Reportage Low Tech Jack Bonehill :
https://vimeo.com/42556171Vegas in one day
et galerie Scary Vegas by Bill Bocquet
http://flic.kr/s/aHsjyMRai9Vegas O RAma

Y Aller : vol direct : comptez en moyenne 750 €, on trouve des promos aux alentours de 450 €, pour un vol A&R Paris Las Vegas on comparera sur les sites
kayak http://www.kayak.fr/
E dreams : http://www.edreams.fr/
Vol 24 . FR : http://www.vol24.fr/
Last Minute.com : http://vol.lastminute.com/
La compagnie du monde propose un circuit Cali’ et Vegas, trip en Californie incluant un passage par Las Vegas, mais elle organise aussi des voyages à la carte, avec découverte du désert du Mojave, Grand Canyon et monument Valley, et passage éclair et arrosé à Las Veags.
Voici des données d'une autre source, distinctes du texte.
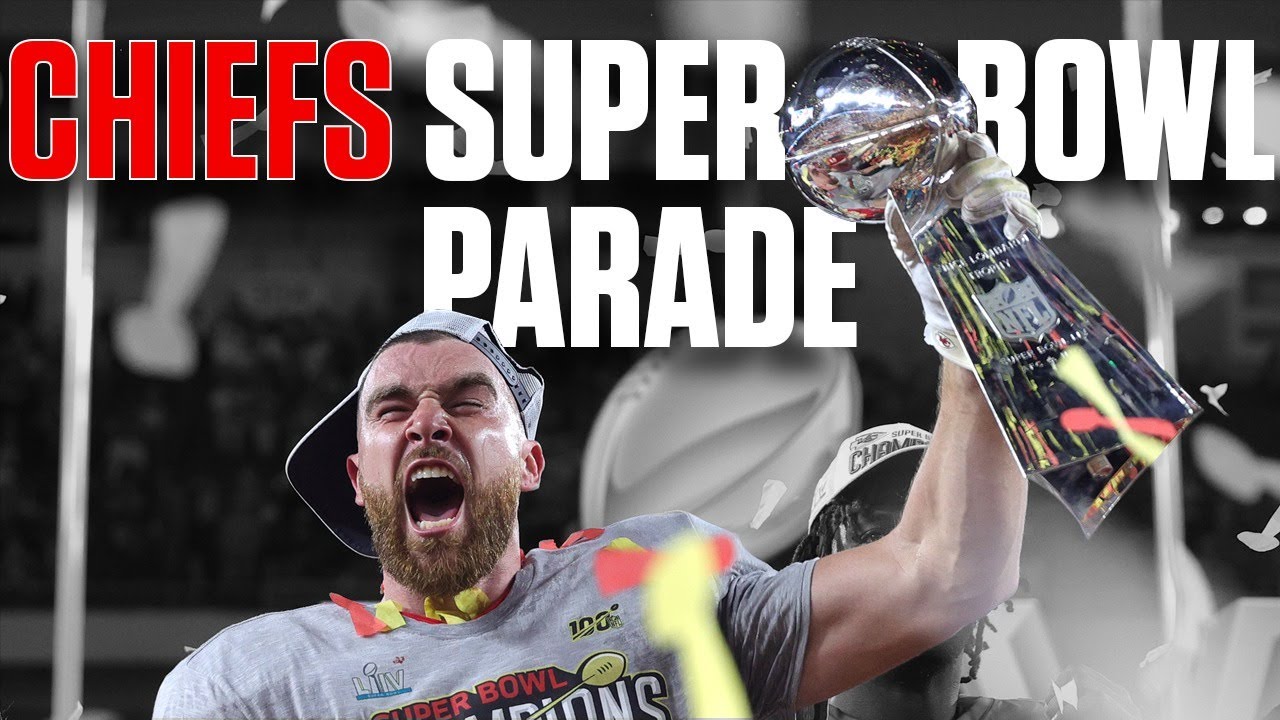 Kansas City Chiefs Super Bowl Parade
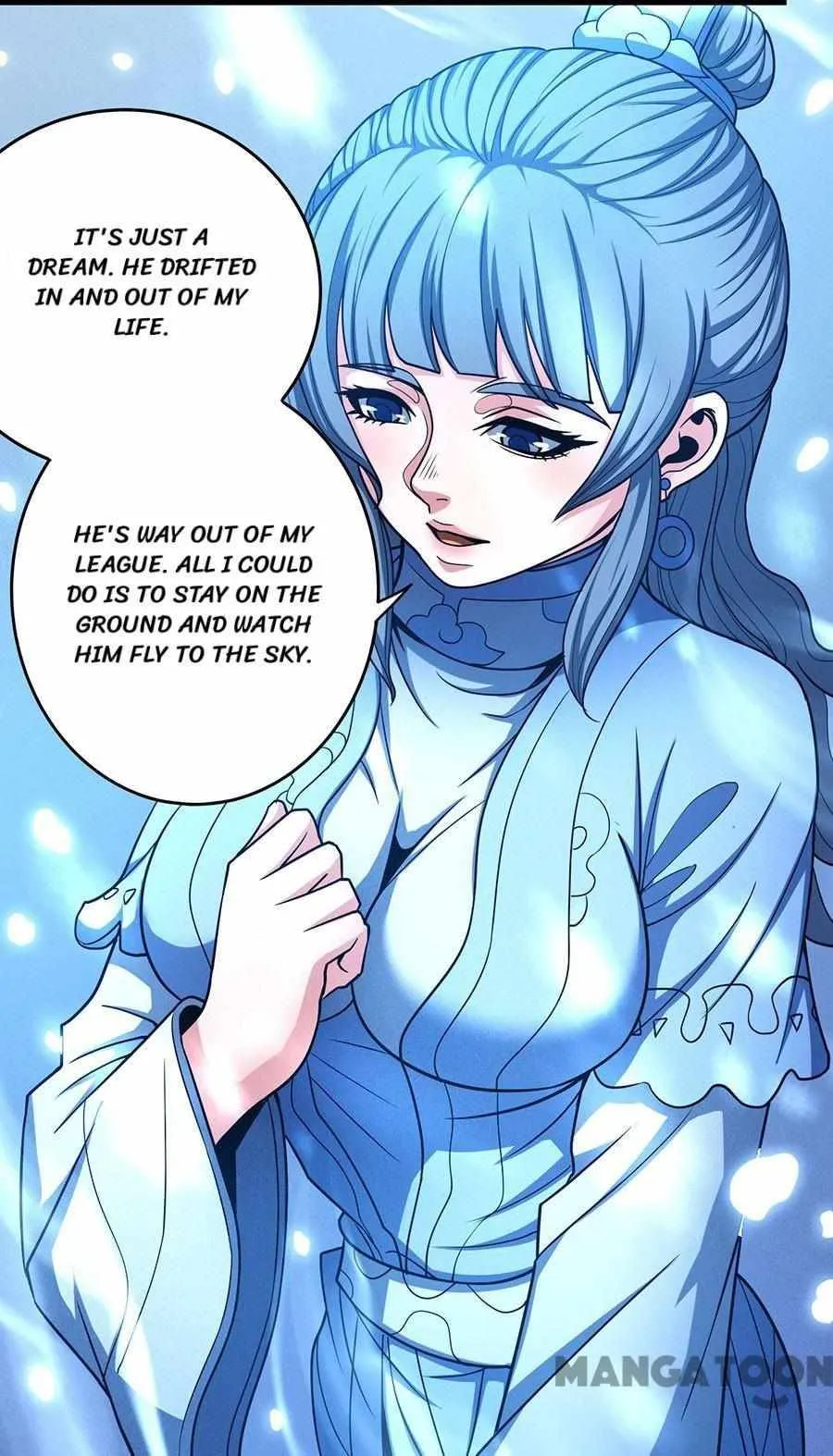 God of Martial Arts Chapter 337 Page 8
Vol, séjour et prestations sont calculés selon vos désirs et votre budget, à la carte.
http://www.compagniesdumonde.com/voyage-Etats_Unis-CaliandVegas_119127.html

Hotels :
L’Aria au design aérien, lumineux et Ecolo, renferme des merveilles entre ses œuvres d’artistes contemporains telles Maya Lin et Jenny Holzer et sa sélection de restaurant de pointe pour en citer deux parmi les 16 : le restaurant Espagnol du chef Julian Serrano, ou le Jean Georges Steakhouse qui repousse les limites de l’excellence en matière de Steak !
ARIA Resort & Casino
Le Cosmopolitan : Dernier né au design chic et à l’ambiance coruscante, attention de demander une chambre face à la fontaine du Bellagio, un must, on y voit Paris de son balcon et aussi plus loin les collines fauves du Mojave obscurcies de nuages, sublime..
http://www.cosmopolitanlasvegas.com/
Le Encore : le petit frère du Wynn, somptueux, dispendieux, classieux, un golf sur plus de 6 hectares, et une piscine comme dans les années 50.
http://www.wynnlasvegas.com/

Pour avoir un bon point de vue sur tous les spectacles, les billets disponibles :
http://las.vegas.eventguide.com/months/11dec.htm
Le site officiel pour organiser son voyage à Las Vegas :
http://www.vegas.com/

Pour les nostalgiques nous recommandons une délicieuse vidéo privée sur Viméo qui donne une assez juste vue de l’ambiance de Game City en 1962 avant sa transformation en Sin City.

Musées :
Auto Collection, des voitures sans limitation de luxe: http://autocollections.com/
Neon museum, sur tout un quartier l’histoire des lueurs d’antan : http://www.neonmuseum.org/
Bellagio, la collection d’art réunie par Steve Wynn : http://www.bellagio.com/amenities/gallery-of-fine-art.aspx
Atomic age, c’est dans le désert du Nevada qu’eurent lieu dans un enthousiasme bon enfant les premiers essais de la bombe atomique: http://www.atomictestingmuseum.org/index.asp

Restaurants :
Le Central au Caesar Palace, ouvert 24 h sur 24 et 365 jours par an pour un style mixant la cuisine française et l’excellence américaine : http://www.centrallv.com/
Gagnaire au Mandarin Oriental, pour diner sur les notes de l’éminence culinaire française dans un cadre ultra moderne rythmé par un service d’exception :
http://www.mandarinoriental.com/lasvegas/dining/twist/
Le Jaleo au Cosmopolitan : Une sélection de tapas succulent, dans un décor bariolé, et un service au petits oignons.
http://www.cosmopolitanlasvegas.com/taste/restaurant-collection/jaleo.aspx
Bar Masa à l’Aria : le chef japonais Masa Takayama apporte dans ces bagages sa réputation gagnée à New York avec une gestion ultra respectueuse mais résolument moderne des fondamentaux de l’art du cuisiner au Japon.
http://www.arialasvegas.com/dining/barmasa.aspx

Et si vous faîtes un détour par Fremont Street pour y admirer le walk du Neon muséum et son ambiance démodée, on vous invite à tester les excellentes crevettes du Golden Nuggets, où une atmosphère désuète et un service dans des assiettes en plastique valent le détour et vous remettra en mémoire ce qu’a été Las Vegas, une cache à retraités esseulés.